EXERCISE DATA —
# # #

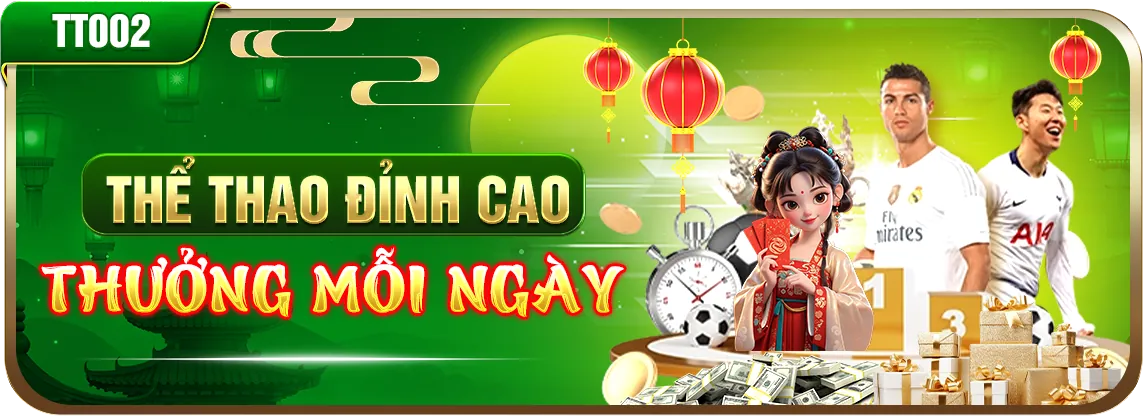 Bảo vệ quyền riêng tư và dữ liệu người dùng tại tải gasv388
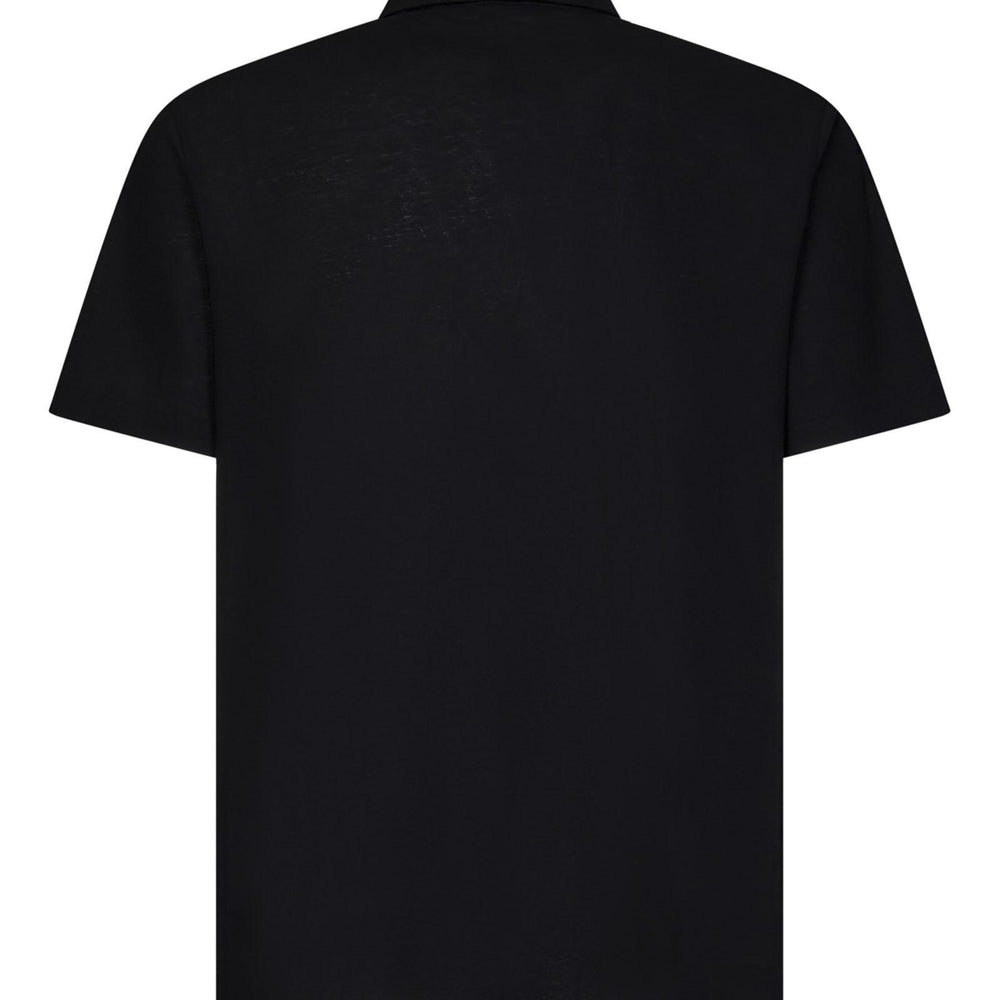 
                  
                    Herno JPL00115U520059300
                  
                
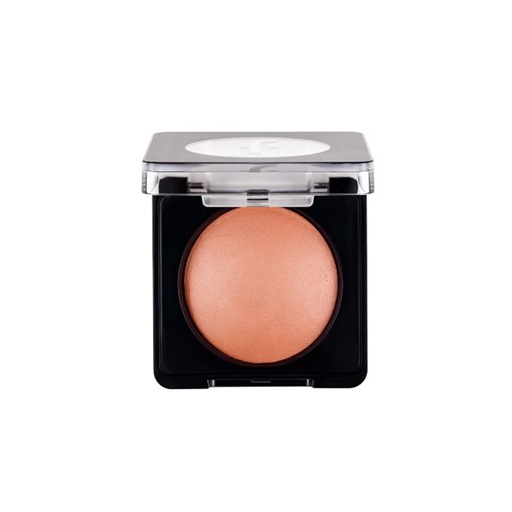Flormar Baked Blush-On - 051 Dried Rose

# # #

TASK BRIEF —
All lines from the one that contains "Herno JPL00115U520059300" through the last line of the data should be retyped exactly, with the pictures left out.

COMPLETED EXERCISE —
                    Herno JPL00115U520059300
                  
                
Flormar Baked Blush-On - 051 Dried Rose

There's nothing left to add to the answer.